MINNEAPOLIS – Minnesota’s Vincent Grier slid behind the Michigan defense and waited under the basket.
That’s where Minnesota guard Maurice Hargrow found him on a no-look pass from the free throw line. Grier took the pass and finished the lay-up.
Little did Grier and the Williams Arena crowd know that the senior’s basket with 8:30 left in the first half would be his only successful field-goal attempt of the game.
Grier ended the night with four points. He shot 1-for-8 from the floor, including 0-for-2 from behind the arc.
Coming into the game, Grier led the Gophers in scoring, averaging 16 points per game. The Wolverines looked to stop Grier from doing what he does best: drive.
“He’s a very good player,” Michigan coach Tommy Amaker said.
“We had different players on him. There was an awareness for No. 15. He’s so good at knifing and slashing. I thought that (playing) some zone allowed us to pack it in a little bit. It didn’t allow him some angles and penetration that he’s so very good at.”
Throughout the game, Michigan switched between a zone and a man-to-man defense. In the zone, the Wolverines limited Grier’s driving ability by collapsing down on him.
When Michigan played man-to-man, junior Lester Abram received the bulk of the responsibility of shadowing the senior to limit his contribution to the Gopher offense.
“Lester was huge for us,” junior Dion Harris said. “He was checking Grier, and he was the reason why Grier struggled offensively.”
Fly like an eagle: Michigan fans have seen it before.
It’s one of the Wolverines’ favorite plays coming out of a timeout.
The alley-oop to junior Brent Petway.
Saturday night, Michigan ran it to perfection. Following the first media timeout, Harris received the inbounds pass and dribbled to the right side of the court. Petway came around the backside of the Minnesota defense and Harris lobbed the ball toward the basket. Petway snatched it out of the air and thunderously dunked it home.
“Coach always gives me that play, so I have to give a lot of (credit) to my coach and my teammates,” Petway said. “They always throw it up there for me when they see that it’s open. When they throw it up there for me, I’m going to do my best not to let it go out-of-bounds. I’m just blessed with a God-given ability to jump high.”
The window washers: All season long, Michigan has kept its opponents off the glass. Coming into Saturday night’s game, the Wolverines allowed opponents an average of just 28 boards per game – best in the Big Ten.
But against Minnesota, Michigan struggled on the boards – especially when it came to grabbing defensive rebounds.
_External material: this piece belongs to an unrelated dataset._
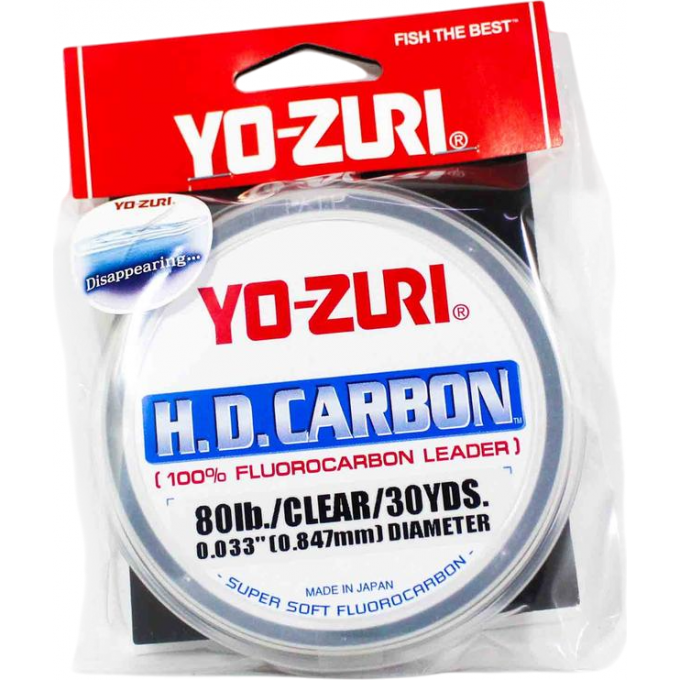 Флюорокарбон YO-ZURI H.D.CARBON 100% FLUOROCARBON LEADER 0,847мм 27м (clear) R895-CL Флюорокарбон YO-ZURI H.D.CARBON 100% FLUOROCARBON LEADER 0,847мм 27м (clear) R895-CL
The Wolverines frequently failed to box out, and the Golden Gophers grabbed 16 offensive boards and scored 14 second-chance points as a result.
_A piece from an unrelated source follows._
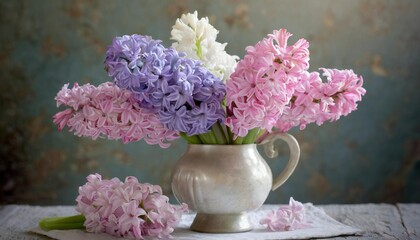 Lilac and pink hyacinths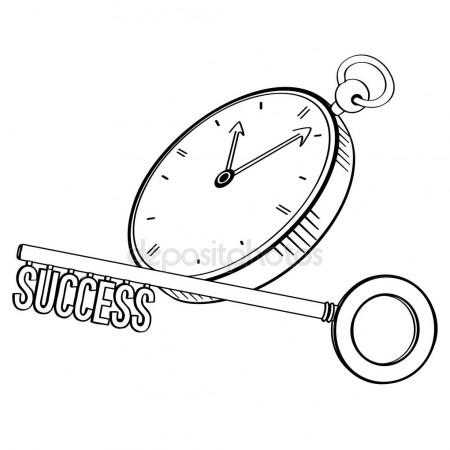 450x450 Success Key And Time Line Drawing, Business Concept, Illustration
Michigan’s Graham Brown led the Wolverines with just five boards, but Minnesota forward J’son Stamper gave the Wolverines fits. Stamper finished with 11 rebounds, including five on the offensive glass.
“We did struggle, but you give them credit,” Amaker said. “That’s one of the things we were so very much concerned with coming here tonight. They’ve been very aggressive and athletic on the backboard, and you can see why we were concerned as coaches, because that’s one of the things they do very well. We were fortunate to do other things to be able to negate that effort.”
Notes: The son of Detroit Pistons coach Flip Saunders, Ryan Saunders, is a sophomore guard for the Golden Gophers. He played one minute and did not amass any statistics . Michigan’s win put it in a four-way tie for fourth place in the Big Ten. Michigan State, Illinois and Iowa are all 3-2 in the conference.